Começo a rir e ela também, quem diria que a essa altura da minha vida, a mulher do meu ex-marido apareceria em um cavalo branco para tentar salvar a mim e a minha filha da solidão.

Ana desce as escadas me olha rindo para Lúcia e não diz nada, apenas avisa que vai sair, quando a questiono aonde vai ela diz que na casa dos Grey, não digo nada, quando ela voltar, preciso conversar e saber o que está acontecendo.

Sei coisas sobre a família Grey, que Ana precisa saber, ela passa pela porta, e Lúcia me encara.

— Grey? A família Grey?

— A própria, eu trabalhava para eles, mas devido a doença tive que parar, Ana era garçonete em uma lanchonete a mesma que Kate trabalha e onde minha filha faz bicos aos finais de semana para ajudar mais na renda, como o meu trabalho gerava a renda maior de casa ela ficou no meu lugar e começou a trabalhar para eles.

— Entendo, porque você fala com desgosto?

— Eu gosto deles, mas meu coração de mãe diz que tem algo a mais nesta história, não sei o que está acontecendo, lá no fundo tenho certeza que minha menina sairá machucada.

— Não entendi.

— Uma longa história.

Após horas conversando com Lúcia, ela me contou toda história dela com Raymond, e percebi que ele não nos deixou para ficar com ela, e sim porque quis, ela não teve culpa do que ele nos fez passar.

Lúcia me parece uma pessoa boa e muito honesta, apesar de conhecê-la hoje, percebo que é muito sozinha, não perguntei porque não teve filhos, não sei se foi opção ou por simplesmente não querer, o que não é da minha conta, mas vendo como ela se refere a Ana vejo carinho, e que ela teria sido uma excelente mãe.

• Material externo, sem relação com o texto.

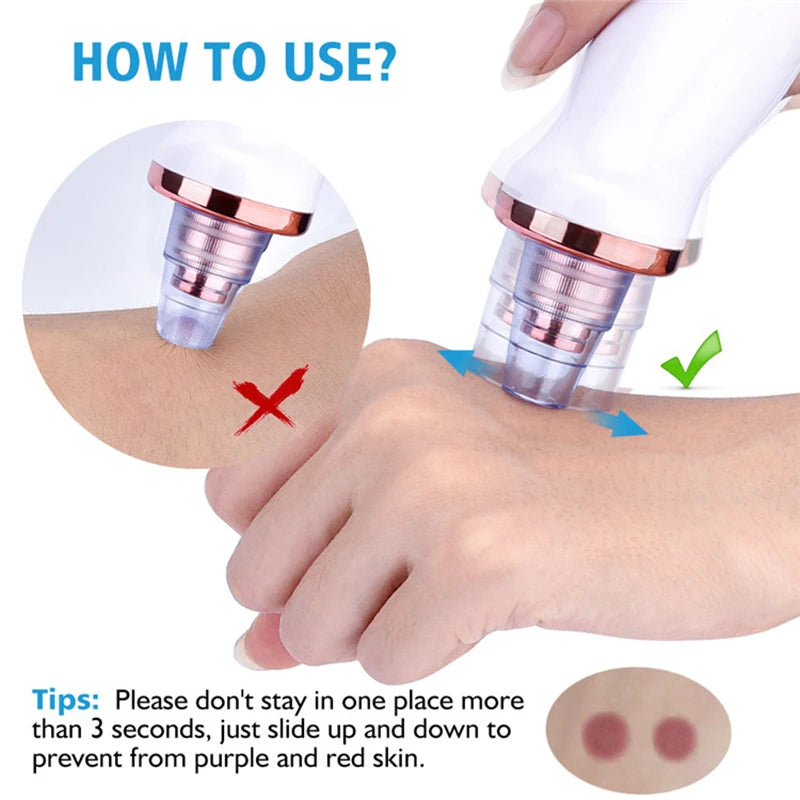 New Electric Facial Blackhead Remover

A companhia dela me agrada, ela é engraçada e divertida, me fez esquecer um pouco tudo que vem acontecendo, percebo que nossa conversa foi boa para ela também.

— Aceita algo para beber? — Pergunto.

— Não, obrigada! Preciso ir, posso voltar amanhã? — Pergunta muito educada.

— Claro, será muito bem vinda.

— Obrigada, minha casa é grande demais para uma pessoa sozinha.

— Imagino que sim, me lembro bem o tamanho dela, cá para nós um exagero. — Ela sorri do que digo.

— Concordo plenamente, mas como dizia minha falecida mãe, tudo pode mudar nessa vida, hora estamos sozinhos, hora a casa pode estar repleta de pessoas amigas, quem sabe todo aquele tamanho não tenha um propósito que ainda vou descobrir.

— Sua mãe tinha razão, nunca é tarte para se viver o amor.

— Sim, em suas diversas formas, esqueci de perguntar, como você faz para ir ao hospital? — Não sei o motivo da pergunta, mas respondo.

— Vou de ônibus, porque?

— Só uma dúvida que surgiu aqui é bem afastado, não sei se você se lembra mas minha casa é bem próxima.

— Lembro sim.

— Então, até amanhã Carla, manda um beijo para Ana, e amanhã eu busco você para irmos ao hospital ver sobre o seu tratamento.

— Ainda não me decidi se vou fazer.

— Eu já, não vou deixar você ser egoísta com Ana e recusar esse tratamento. — Diz se afastando. — Até amanhã.

Diz saindo não me dando a chance de responder ou questionar.